Alors qu'ils sirotaient leur verre en silence, Elior tourna son regard vers elle, ses yeux scrutateurs décelant quelque chose d'inquiétant dans son expression. Il posa son verre et lui demanda calmement : « Tu sembles ailleurs ces derniers temps. J'ai l'impression que quelque chose te pèse. Tu veux en parler ? »
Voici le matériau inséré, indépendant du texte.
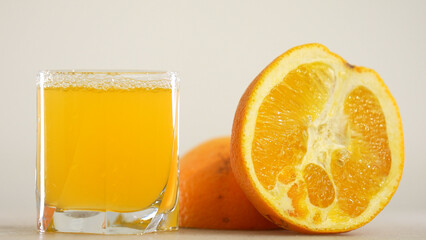 Detail Shot of Pouring Fresh Orange Juice into Glass. Appetizing orange juice swirls into a wave in a glass against the background of cut oranges.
Iris soutint son regard pendant un instant, pesant ses mots avec soin. Elle sentait le moment venu de lui dire la vérité, de partager avec lui le poids qu'elle portait seule. Mais au dernier instant, un doute la retint. La révélation sur Conscience pouvait tout changer, non seulement pour elle, mais pour eux deux. « C'est juste le travail, » finit-elle par murmurer. « Je suis épuisée. »
Elior la regarda en silence, hochant légèrement la tête, sans insister. Il la connaissait suffisamment pour savoir qu'elle parlerait quand elle serait prête. Il respectait son silence, mais ce simple échange troubla Iris plus qu'elle ne l'aurait imaginé. Pour la première fois, elle réalisa que son secret devenait un fardeau trop lourd à porter seule. Bientôt, elle n'aurait plus le choix. La situation avec Conscience devenait trop complexe, trop dangereuse, pour qu'elle continue à tout cacher.
Ce soir-là, alors qu'ils s'enfonçaient dans un silence apaisant, Iris savait qu'une décision devait être prise. Mais elle ignorait encore quand, ou comment, elle oserait franchir cette dernière barrière entre elle et Elior.